> **ASSIGNMENT**
When you reach the line that contains "vidaXL - Tv-meubels", begin copying exactly, and continue through the last line of the data; no pictures belong in the copy.

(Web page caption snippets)
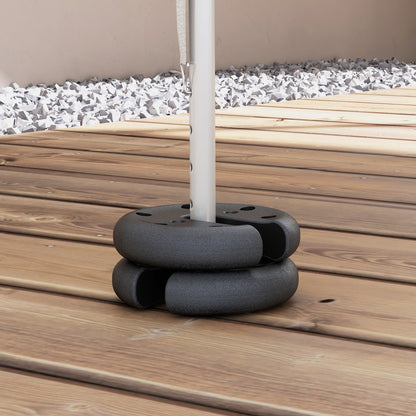 Weight 4 pcs. Tent Weights for Pavilion Beer Tent Gazebo Stackable Base Plastic Coating Cement Core Ø20 x 4.5 cm Black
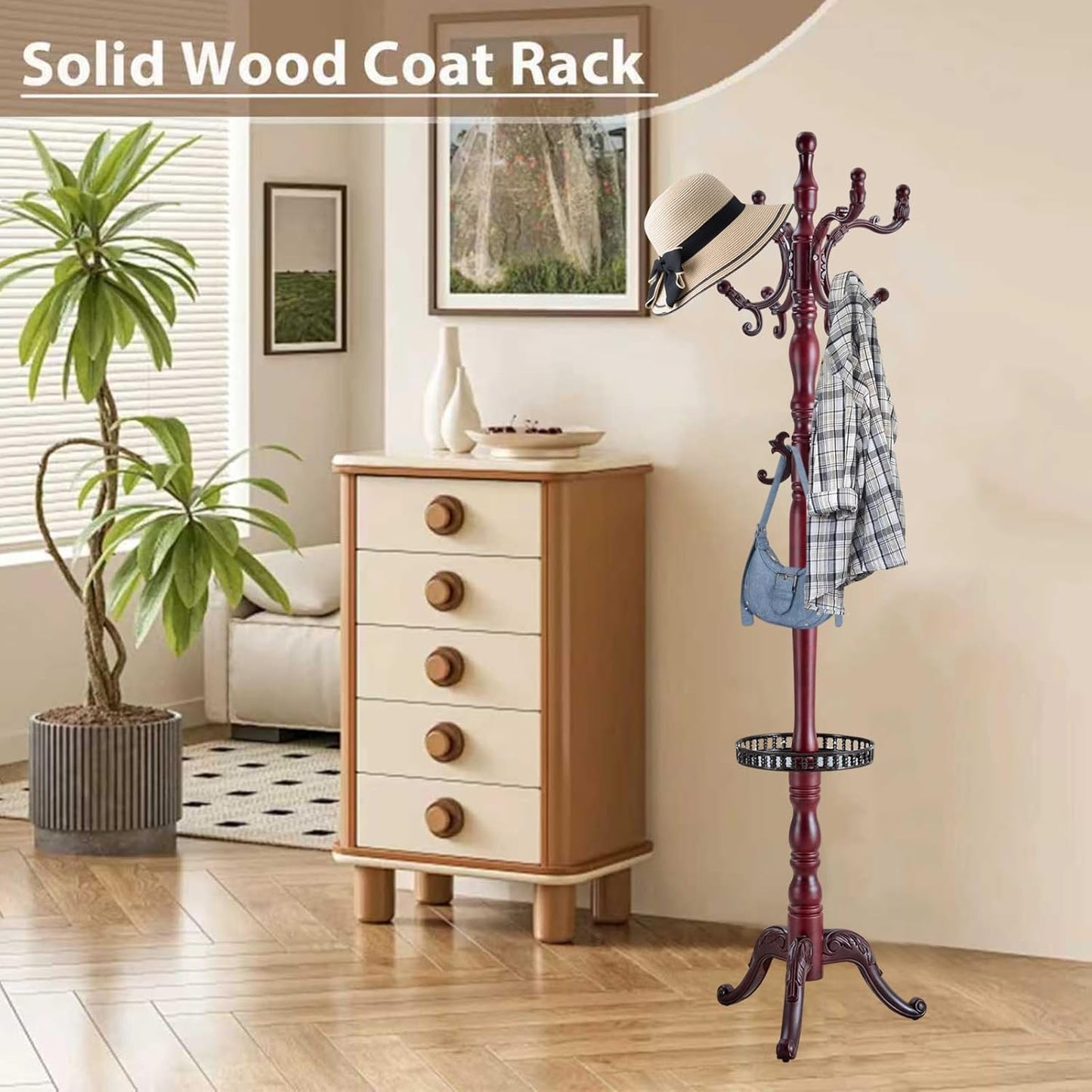 Solid Wooden Coat Rack Stand, Coat Racks Freestanding with 14 Hooks, Natural Birch Wood Coat stands with Sturdy Round Base, Tree Coat Hanger Standing for Entryway Bedroom Office(Redwood triangle2)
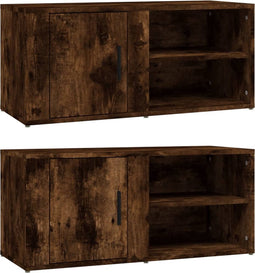 vidaXL - Tv-meubels - 2 - st - 80x31,5x36 - cm - bewerkt - hout - gerookt - eikenkleurig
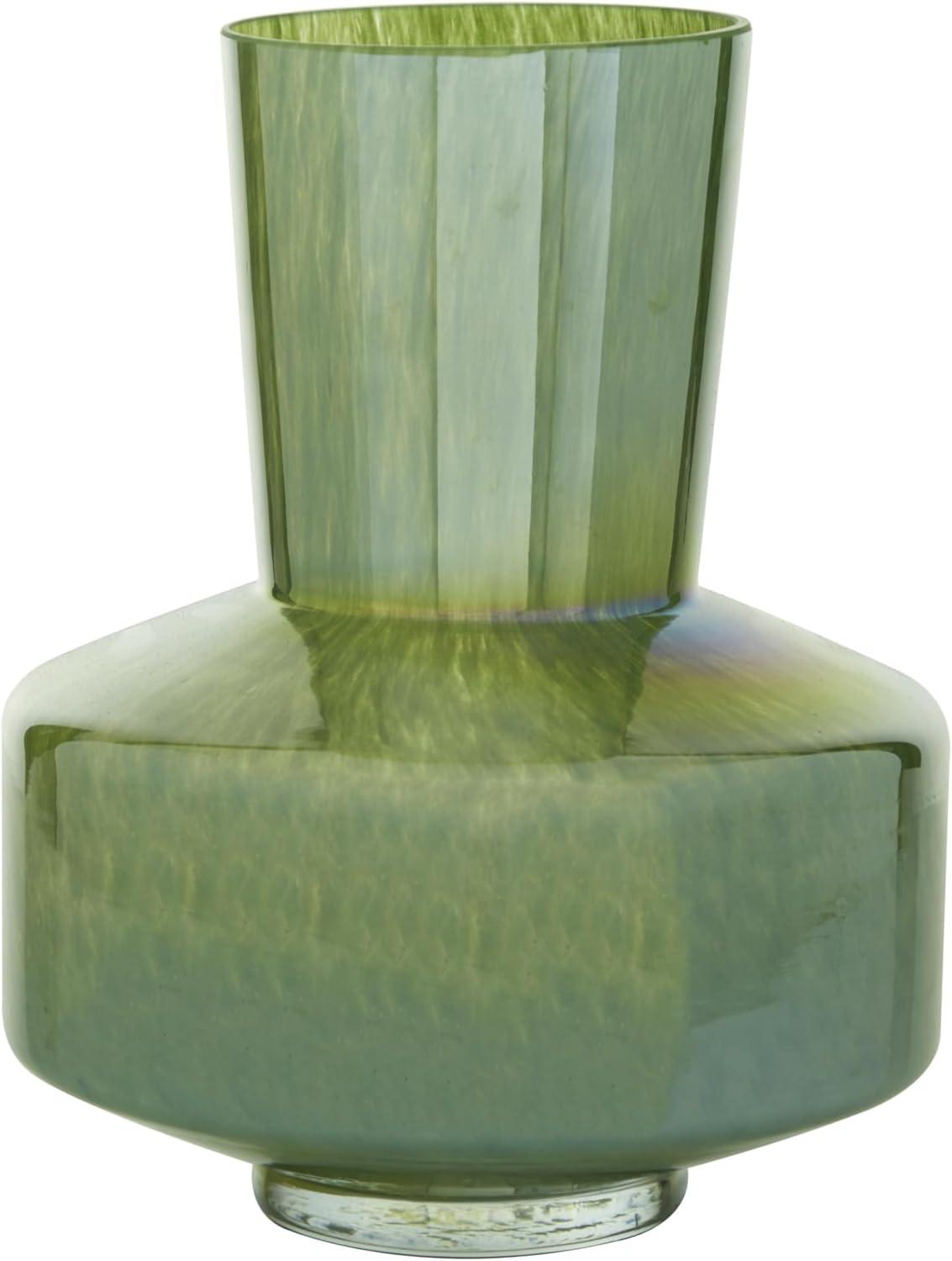 Modern Style Magician's Hat Jade Green Glass Vase, 12" X 11" X 11"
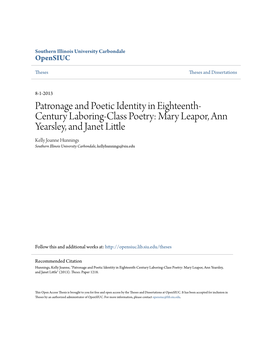 Patronage and Poetic Identity in Eighteenth-Century Laboring-Class Poetry: Mary Leapor, Ann Yearsley, and Janet Little" (2013)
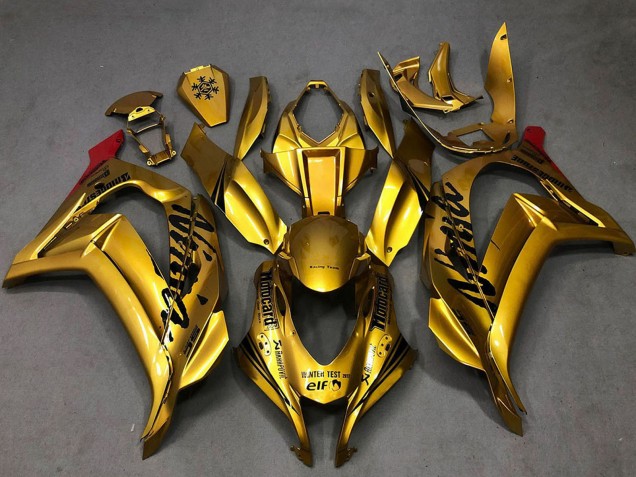 Kawasaki ZX10R Motorrad Verkleidung 2016-2020 - Gold Schwarz Rot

> **ANSWER FOR THIS EXERCISE**
 vidaXL - Tv-meubels - 2 - st - 80x31,5x36 - cm - bewerkt - hout - gerookt - eikenkleurig
 Modern Style Magician's Hat Jade Green Glass Vase, 12" X 11" X 11"
 Patronage and Poetic Identity in Eighteenth-Century Laboring-Class Poetry: Mary Leapor, Ann Yearsley, and Janet Little" (2013)
 Kawasaki ZX10R Motorrad Verkleidung 2016-2020 - Gold Schwarz Rot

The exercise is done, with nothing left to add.